By some miracle, all of us were able to file two documents by 5:30 in the morning, and then we filed a third the next day. And by 7:00 PM, there was a temporary restraining order against the Muslim ban nationwide.

Our students literally tried to stop planes from taking off, because the injunction had been issued, but the government hadn't yet fully complied with it. And we were getting phone calls from people on planes, saying I'm being sent back to Iran. My plane is about to take off. And our students were the ones getting those planes stopped and turned around.

A first year student in a clinic said, I've just been googling, and I think I see a phone number for the control tower at that airport.

Amazingly, one of our students, first year law student, he called air traffic control at JFK and pulled a plane off the tarmac.

The lessons that our students learn will be experiences that they'll look back on and say, that was absolutely formative, not just in my career as a lawyer, but to my sense of right and wrong, my sense of what's possible, and in holding onto a vision of justice in a moment of crisis.

We were able to file a complaint, secure a nationwide injunction. That was one of the most defining moments of my law school education. The students created templates that were passed from iPhone to iPhone and laptop to laptop to help lawyers across the country help people in need.

We never left New Haven, and somehow the work that we did on our laptops managed to make national headlines, and that was mind blowing at the time.

One of the most inspiring moments was seeing all of the organizers who had shown up outside of JFK airport, letting their voice be heard and who also showed up outside of the federal courthouse in the Eastern District of New York.

We began seeing on the news, the massive protests and the demonstrations that were going on in the airports, not just in JFK, but across the country.

Working on the travel ban case was a once in a lifetime experience.

The DACA case was another case that WIRAC worked on, in which we secured a nationwide injunction against the Trump administration's rescission of the DACA program that President Obama had instituted in 2012 that gave young immigrants who know know no other country, except for America, a chance to remain in the country to work and get an education.

When the DACA program was abruptly terminated on September 5th of 2017, it threw the lives of millions of people into disarray. It did so without warning, and in our view, it did so unlawfully.

I had the opportunity to stand up before the magistrate judge in the Eastern District of New York and argue for a discovery conference to try to get documents about the government's decision to terminate DACA.

The students are so creative and so energetic, and quite often, a local case expands in ways that make it of national significance.

What's special about WIRAC and Yale Law School clinics is you can do these national impact cases and see your work reverberate throughout the country, but you can also work with individuals, and really see the face of why we want to do public interest work.

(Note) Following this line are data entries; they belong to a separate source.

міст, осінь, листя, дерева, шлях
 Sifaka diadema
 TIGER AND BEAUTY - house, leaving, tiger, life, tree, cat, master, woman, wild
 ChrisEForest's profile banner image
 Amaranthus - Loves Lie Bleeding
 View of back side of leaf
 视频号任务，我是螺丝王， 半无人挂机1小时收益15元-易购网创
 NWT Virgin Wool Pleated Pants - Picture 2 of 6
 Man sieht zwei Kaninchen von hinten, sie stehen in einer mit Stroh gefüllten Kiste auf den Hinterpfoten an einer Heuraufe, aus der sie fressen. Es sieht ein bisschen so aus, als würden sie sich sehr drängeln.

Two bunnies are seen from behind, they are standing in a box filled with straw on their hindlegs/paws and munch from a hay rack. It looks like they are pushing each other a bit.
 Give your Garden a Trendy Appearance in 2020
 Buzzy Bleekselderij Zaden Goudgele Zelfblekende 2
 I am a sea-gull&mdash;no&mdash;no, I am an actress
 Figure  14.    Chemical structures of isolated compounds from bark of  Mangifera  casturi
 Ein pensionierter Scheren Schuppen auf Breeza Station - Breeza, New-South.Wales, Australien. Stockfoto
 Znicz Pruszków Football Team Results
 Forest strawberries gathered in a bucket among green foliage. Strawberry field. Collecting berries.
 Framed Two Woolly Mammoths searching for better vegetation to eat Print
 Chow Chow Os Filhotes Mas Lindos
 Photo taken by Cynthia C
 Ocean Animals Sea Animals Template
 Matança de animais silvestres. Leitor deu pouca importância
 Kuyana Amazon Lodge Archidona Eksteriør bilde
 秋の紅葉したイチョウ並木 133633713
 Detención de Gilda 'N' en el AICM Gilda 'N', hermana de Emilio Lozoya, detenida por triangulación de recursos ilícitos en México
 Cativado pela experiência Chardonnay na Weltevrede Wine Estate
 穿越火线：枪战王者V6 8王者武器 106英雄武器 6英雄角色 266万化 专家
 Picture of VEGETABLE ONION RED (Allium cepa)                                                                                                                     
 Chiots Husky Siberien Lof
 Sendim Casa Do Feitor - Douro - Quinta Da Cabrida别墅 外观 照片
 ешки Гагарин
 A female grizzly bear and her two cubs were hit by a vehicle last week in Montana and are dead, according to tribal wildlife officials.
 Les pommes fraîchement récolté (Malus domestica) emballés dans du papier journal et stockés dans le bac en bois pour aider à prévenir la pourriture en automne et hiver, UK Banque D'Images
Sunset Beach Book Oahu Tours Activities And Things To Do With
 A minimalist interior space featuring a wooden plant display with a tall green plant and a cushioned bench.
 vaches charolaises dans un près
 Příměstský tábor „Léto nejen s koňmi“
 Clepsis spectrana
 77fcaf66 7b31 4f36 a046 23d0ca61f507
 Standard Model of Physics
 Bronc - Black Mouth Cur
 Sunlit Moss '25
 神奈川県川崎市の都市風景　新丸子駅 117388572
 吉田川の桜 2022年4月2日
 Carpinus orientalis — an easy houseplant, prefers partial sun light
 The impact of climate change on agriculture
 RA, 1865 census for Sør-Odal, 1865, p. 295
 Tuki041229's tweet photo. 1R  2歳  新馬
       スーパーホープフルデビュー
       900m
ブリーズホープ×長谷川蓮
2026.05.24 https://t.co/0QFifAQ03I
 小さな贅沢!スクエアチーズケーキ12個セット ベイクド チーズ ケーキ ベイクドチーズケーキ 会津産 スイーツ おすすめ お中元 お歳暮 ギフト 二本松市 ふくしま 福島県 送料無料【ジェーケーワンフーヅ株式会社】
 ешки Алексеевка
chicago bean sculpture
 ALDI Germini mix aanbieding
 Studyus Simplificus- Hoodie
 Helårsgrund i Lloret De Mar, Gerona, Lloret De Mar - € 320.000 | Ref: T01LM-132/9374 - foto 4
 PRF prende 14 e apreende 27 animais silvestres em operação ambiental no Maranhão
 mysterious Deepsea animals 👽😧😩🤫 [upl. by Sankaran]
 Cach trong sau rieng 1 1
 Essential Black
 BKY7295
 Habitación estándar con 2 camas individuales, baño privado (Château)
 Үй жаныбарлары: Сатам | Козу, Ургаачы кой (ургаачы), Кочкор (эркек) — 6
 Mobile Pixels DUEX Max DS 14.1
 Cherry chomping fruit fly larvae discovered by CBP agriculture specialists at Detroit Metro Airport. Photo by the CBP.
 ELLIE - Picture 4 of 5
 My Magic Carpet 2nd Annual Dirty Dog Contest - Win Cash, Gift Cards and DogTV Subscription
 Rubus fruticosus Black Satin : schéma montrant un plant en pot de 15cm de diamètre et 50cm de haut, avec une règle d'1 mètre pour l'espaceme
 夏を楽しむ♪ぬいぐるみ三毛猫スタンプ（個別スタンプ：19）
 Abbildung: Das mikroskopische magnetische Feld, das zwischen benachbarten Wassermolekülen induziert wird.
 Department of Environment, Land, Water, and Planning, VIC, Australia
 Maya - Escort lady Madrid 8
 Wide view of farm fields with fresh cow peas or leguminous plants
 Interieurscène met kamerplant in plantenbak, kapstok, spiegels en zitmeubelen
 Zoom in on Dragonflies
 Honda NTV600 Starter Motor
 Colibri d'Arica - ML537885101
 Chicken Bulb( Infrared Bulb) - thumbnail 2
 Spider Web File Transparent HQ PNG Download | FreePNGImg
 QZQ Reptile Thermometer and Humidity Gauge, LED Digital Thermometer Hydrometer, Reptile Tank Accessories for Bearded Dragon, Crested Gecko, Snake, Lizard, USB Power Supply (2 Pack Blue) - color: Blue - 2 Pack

I came to the United States, and as a five-year-old, my parents came here to make a better life for themselves and also to make a better life for me. That is something that certainly I carry through when I think about the clients that we work with.

I see students who leave our clinic and leave the law school applying the insights and learning of the clinic almost immediately. They chart their own paths with an incredible combination of skill, talent, and vision.

Connecticut is the only state in the nation that allows students after one semester, to begin representing clients in court. And Yale is the only law school in Connecticut that takes advantage of that. So we are a little bit special.

I love the work that I've been able to do in WIRAC. I think joining a clinic is the best thing you can possibly do in law school. It is a great way to both hone your legal skills and to use the education you've been given access to in a way that's worthwhile.

We put students first, and we believe they can do anything. 

A closer look at how students and faculty in WIRAC quickly mobilized to secure the first nationwide injunctions in the travel ban and DACA cases.